Hong Kong activist Chow convicted for second Tiananmen ‘incitement’

Jailed Hong Kong democracy activist Chow Hang-tung was found guilty on Tuesday of inciting residents to commemorate the Tiananmen crackdown, her second conviction over a chapter of China’s past that is now being scrubbed in the finance hub.

Chow, a 36-year-old lawyer who has represented herself at multiple court hearings, is a former leader of the Hong Kong Alliance.

The now-disbanded group used to organise the city’s huge annual candlelight vigils to mourn those killed in Beijing on June 4, 1989 when China sent troops to crush democracy protests.

Police banned the last two vigils citing the coronavirus and security fears and the courts have already jailed multiple activists who defied that ban in 2020, including Chow.

But Chow was also arrested on the morning of June 4 last year over two pieces she published calling on residents to light candles and mark the crackdown anniversary.

On Tuesday, a court ruled those articles amounted to inciting others to defy the police ban.

“The law never allows anyone to exercise their freedom by unlawful means,” magistrate Amy Chan ruled.

“She (Chow) was determined to attract and publish attention for the purpose of calling on the public to gather,” she added.

Chow has proved a fiery defendant throughout her multiple prosecutions.

She used her mitigation on Tuesday to read from the memoirs of families of people killed at Tiananmen.

That sparked a dressing down from Magistrate Chan, followed by applause among some in the public gallery. Chan then ordered police to take down the identity numbers of those who had applauded.

Chow also condemned the court’s verdict and said authorities were criminalising speech.

“The message this verdict sends is that lighting a candle is guilty, that words are guilty,” she said.
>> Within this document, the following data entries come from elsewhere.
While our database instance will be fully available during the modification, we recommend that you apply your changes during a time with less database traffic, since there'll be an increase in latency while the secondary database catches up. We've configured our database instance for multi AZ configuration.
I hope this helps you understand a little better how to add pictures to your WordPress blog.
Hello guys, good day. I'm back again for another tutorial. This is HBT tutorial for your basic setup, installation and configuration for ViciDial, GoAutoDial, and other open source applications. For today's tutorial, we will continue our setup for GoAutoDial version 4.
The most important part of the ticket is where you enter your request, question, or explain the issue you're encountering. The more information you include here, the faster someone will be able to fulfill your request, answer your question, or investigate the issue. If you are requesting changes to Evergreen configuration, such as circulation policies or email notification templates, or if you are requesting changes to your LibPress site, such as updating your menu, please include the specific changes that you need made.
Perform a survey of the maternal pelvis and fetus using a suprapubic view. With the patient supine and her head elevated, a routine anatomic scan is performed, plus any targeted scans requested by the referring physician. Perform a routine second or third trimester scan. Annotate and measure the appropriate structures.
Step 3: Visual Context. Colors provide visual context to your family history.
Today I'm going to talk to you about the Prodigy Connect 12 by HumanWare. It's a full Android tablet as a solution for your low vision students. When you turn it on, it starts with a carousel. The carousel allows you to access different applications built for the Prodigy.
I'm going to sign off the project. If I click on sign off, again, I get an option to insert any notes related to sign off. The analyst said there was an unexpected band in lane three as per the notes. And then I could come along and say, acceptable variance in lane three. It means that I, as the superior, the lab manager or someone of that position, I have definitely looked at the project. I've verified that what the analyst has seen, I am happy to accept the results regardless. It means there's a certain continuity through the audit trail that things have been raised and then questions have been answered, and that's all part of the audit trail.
“The only way to defend free speech is to continue to express,” she added.

Sentencing will be handed down later on Tuesday.

Hong Kong was formerly the only place in China where mass commemoration of Tiananmen was still tolerated.

But China is remoulding the city in its own authoritarian image after huge and sometimes violent democracy protests in 2019.

Hong Kong Alliance leaders, including Chow, are among dozens of activists being prosecuted under a new security law.

A museum the group ran has been shuttered while multiple statues commemorating June 4 have been pulled down in recent weeks from university campuses.